** Records for the task follows **

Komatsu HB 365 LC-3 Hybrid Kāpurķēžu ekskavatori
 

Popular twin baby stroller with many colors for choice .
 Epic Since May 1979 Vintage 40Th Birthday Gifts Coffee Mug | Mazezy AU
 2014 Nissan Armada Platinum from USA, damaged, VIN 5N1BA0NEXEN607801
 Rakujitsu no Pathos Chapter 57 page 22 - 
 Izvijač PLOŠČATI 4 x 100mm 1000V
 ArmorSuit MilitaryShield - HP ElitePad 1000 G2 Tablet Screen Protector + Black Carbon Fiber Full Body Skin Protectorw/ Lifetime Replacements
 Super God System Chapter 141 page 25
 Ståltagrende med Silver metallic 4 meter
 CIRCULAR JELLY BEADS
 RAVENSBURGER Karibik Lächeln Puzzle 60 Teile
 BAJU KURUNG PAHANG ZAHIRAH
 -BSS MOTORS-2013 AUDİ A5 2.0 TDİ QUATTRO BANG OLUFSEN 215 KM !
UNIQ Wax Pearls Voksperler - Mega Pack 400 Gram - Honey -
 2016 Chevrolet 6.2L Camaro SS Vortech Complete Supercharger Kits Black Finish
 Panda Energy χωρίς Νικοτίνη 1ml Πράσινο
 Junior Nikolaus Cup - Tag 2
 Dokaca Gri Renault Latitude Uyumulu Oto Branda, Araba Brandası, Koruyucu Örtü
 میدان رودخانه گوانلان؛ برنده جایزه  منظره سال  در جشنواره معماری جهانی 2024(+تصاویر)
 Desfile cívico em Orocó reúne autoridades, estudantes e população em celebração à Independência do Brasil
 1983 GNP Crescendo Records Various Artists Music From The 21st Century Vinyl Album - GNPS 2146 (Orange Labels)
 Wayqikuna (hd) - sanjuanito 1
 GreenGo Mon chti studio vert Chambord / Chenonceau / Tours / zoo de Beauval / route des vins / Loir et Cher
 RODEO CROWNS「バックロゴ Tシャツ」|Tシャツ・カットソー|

** End of Records for the task **

Print the entries again so that each one matches exactly.

# Result below:
Komatsu HB 365 LC-3 Hybrid Kāpurķēžu ekskavatori
 

Popular twin baby stroller with many colors for choice .
 Epic Since May 1979 Vintage 40Th Birthday Gifts Coffee Mug | Mazezy AU
 2014 Nissan Armada Platinum from USA, damaged, VIN 5N1BA0NEXEN607801
 Rakujitsu no Pathos Chapter 57 page 22 - 
 Izvijač PLOŠČATI 4 x 100mm 1000V
 ArmorSuit MilitaryShield - HP ElitePad 1000 G2 Tablet Screen Protector + Black Carbon Fiber Full Body Skin Protectorw/ Lifetime Replacements
 Super God System Chapter 141 page 25
 Ståltagrende med Silver metallic 4 meter
 CIRCULAR JELLY BEADS
 RAVENSBURGER Karibik Lächeln Puzzle 60 Teile
 BAJU KURUNG PAHANG ZAHIRAH
 -BSS MOTORS-2013 AUDİ A5 2.0 TDİ QUATTRO BANG OLUFSEN 215 KM !
UNIQ Wax Pearls Voksperler - Mega Pack 400 Gram - Honey -
 2016 Chevrolet 6.2L Camaro SS Vortech Complete Supercharger Kits Black Finish
 Panda Energy χωρίς Νικοτίνη 1ml Πράσινο
 Junior Nikolaus Cup - Tag 2
 Dokaca Gri Renault Latitude Uyumulu Oto Branda, Araba Brandası, Koruyucu Örtü
 میدان رودخانه گوانلان؛ برنده جایزه  منظره سال  در جشنواره معماری جهانی 2024(+تصاویر)
 Desfile cívico em Orocó reúne autoridades, estudantes e população em celebração à Independência do Brasil
 1983 GNP Crescendo Records Various Artists Music From The 21st Century Vinyl Album - GNPS 2146 (Orange Labels)
 Wayqikuna (hd) - sanjuanito 1
 GreenGo Mon chti studio vert Chambord / Chenonceau / Tours / zoo de Beauval / route des vins / Loir et Cher
 RODEO CROWNS「バックロゴ Tシャツ」|Tシャツ・カットソー|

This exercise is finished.